En 1973, el entonces presidente estadounidense Richard M. Nixon obsequió a Honduras un trozo de roca lunar que pesa 1,142 gramos y mide apenas 12 milímetros. Este peculiar regalo fue recibido por el presidente hondureño Oswaldo López Arellano y representa más que un simple objeto: es un símbolo de la unidad y la esperanza por un futuro de paz. Apodada la Roca de la Buena Voluntad, esta piedra es el resultado de un viaje intergaláctico por parte de los astronautas del Apolo XVII, quienes la traían de regreso tras su misión de 12 días en 1972.
Historia y Localización del Fragmento Lunar
El recorrido de esta roca ha sido bastante curioso. Desde su llegada a la antigua Casa Presidencial en Tegucigalpa hasta un desafortunado robo en 1975, la roca lunar ha visto de todo. Años después, fue identificada y recuperada en Estados Unidos con la validación de la NASA. En 2003, su viaje culminó en el centro Chiminike, donde actualmente se exhibe bajo estricta vigilancia. Cristopher Santos Sevilla, guía del Chiminike, destaca que este fragmento lunar está compuesto por regolitos, elementos únicos provocados por el impacto de meteoritos, así como por kevlar, aluminio y calcio. Estos materiales crean un vínculo especial entre la roca y los visitantes, ya que cada uno tiene propiedades fascinantes en el contexto terrestre y cósmico.
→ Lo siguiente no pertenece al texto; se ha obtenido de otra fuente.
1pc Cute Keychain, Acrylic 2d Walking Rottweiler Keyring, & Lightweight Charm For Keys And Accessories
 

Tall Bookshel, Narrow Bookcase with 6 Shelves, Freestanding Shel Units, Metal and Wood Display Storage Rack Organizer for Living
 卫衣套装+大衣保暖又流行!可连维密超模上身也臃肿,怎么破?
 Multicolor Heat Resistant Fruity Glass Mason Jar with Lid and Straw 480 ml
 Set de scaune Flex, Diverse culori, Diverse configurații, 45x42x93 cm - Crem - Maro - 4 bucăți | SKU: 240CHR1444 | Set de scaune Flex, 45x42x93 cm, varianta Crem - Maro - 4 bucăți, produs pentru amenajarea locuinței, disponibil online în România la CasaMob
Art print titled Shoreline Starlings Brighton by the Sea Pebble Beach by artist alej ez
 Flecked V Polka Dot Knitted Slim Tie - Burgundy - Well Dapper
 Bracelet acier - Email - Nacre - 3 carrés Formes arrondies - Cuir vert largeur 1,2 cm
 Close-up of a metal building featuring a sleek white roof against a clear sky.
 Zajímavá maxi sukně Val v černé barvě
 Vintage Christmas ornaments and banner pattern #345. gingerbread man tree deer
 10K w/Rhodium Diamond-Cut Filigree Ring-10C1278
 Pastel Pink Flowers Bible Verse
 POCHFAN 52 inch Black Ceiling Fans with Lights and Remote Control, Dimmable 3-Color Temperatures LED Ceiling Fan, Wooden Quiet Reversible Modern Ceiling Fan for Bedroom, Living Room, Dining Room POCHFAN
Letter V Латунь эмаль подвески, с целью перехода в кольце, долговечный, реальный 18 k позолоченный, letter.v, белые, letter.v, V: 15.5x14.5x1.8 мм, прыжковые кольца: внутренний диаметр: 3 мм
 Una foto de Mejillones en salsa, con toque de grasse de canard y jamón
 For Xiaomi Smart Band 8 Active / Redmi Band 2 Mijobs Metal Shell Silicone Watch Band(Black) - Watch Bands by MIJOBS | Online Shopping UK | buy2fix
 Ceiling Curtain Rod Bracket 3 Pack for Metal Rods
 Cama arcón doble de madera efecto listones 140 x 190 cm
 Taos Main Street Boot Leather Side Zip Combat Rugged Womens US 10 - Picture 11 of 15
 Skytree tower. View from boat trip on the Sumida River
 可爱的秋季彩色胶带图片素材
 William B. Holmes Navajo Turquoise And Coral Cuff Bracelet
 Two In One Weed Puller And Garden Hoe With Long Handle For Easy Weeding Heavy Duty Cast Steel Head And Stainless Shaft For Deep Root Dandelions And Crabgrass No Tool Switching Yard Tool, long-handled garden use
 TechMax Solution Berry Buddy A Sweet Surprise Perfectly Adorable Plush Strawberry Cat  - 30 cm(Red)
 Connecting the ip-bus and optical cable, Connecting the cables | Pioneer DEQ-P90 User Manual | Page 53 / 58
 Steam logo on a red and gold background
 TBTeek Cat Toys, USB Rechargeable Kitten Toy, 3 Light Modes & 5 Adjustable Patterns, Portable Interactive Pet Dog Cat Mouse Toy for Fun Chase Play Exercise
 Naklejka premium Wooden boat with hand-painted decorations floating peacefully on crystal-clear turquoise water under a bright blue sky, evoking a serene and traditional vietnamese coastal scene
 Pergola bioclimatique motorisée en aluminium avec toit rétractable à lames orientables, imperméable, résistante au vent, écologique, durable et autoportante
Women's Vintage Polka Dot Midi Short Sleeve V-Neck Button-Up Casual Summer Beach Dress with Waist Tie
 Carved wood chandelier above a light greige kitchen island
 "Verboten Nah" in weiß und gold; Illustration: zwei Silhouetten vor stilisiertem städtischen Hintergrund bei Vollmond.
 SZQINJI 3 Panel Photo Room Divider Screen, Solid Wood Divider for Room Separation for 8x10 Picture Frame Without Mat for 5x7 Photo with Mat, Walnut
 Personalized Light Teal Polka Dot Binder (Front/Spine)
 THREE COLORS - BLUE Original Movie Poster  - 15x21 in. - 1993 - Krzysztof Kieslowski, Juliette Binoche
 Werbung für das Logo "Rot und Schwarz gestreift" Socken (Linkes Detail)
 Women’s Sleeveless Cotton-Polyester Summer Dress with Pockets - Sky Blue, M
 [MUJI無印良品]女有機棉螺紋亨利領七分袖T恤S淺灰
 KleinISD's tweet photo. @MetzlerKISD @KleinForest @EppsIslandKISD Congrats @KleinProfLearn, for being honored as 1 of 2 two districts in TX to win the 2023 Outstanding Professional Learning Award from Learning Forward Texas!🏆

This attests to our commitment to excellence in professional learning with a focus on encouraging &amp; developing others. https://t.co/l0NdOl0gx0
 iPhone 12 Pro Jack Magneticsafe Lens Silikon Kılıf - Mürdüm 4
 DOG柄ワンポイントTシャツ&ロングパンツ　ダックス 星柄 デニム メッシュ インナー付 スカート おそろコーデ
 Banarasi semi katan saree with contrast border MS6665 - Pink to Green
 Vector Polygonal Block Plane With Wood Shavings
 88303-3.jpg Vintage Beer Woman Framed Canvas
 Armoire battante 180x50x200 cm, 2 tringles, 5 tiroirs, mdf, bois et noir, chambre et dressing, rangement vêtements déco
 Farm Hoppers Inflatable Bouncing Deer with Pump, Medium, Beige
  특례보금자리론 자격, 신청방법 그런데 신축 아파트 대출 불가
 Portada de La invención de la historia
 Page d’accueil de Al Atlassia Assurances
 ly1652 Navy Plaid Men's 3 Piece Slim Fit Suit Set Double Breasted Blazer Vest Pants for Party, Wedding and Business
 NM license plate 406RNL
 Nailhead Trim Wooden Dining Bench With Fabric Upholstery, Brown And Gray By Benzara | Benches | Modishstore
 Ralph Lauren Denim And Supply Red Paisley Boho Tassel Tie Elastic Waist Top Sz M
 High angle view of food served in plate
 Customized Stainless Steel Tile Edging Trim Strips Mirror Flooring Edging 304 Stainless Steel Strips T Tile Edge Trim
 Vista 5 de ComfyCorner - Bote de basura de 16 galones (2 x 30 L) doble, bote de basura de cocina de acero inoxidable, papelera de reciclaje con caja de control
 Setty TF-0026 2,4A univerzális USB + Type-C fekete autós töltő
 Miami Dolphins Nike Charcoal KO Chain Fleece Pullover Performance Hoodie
La Roca de la Buena Voluntad no es solo una atracción turística; es un verdadero tesoro histórico que conecta a Honduras con la exploración espacial. El brillo característico de los regolitos atrae la curiosidad de quienes se acercan a admirar este testimonio de nuestra historia compartida. Mientras millones de personas a nivel mundial siguen de cerca los avances del programa Artemis, es esencial recordar que un pedacito de Luna se encuentra cerca, en el corazón de Honduras, esperando ser descubierto y admirado por quienes valoran el camino que ha recorrido la humanidad en el espacio.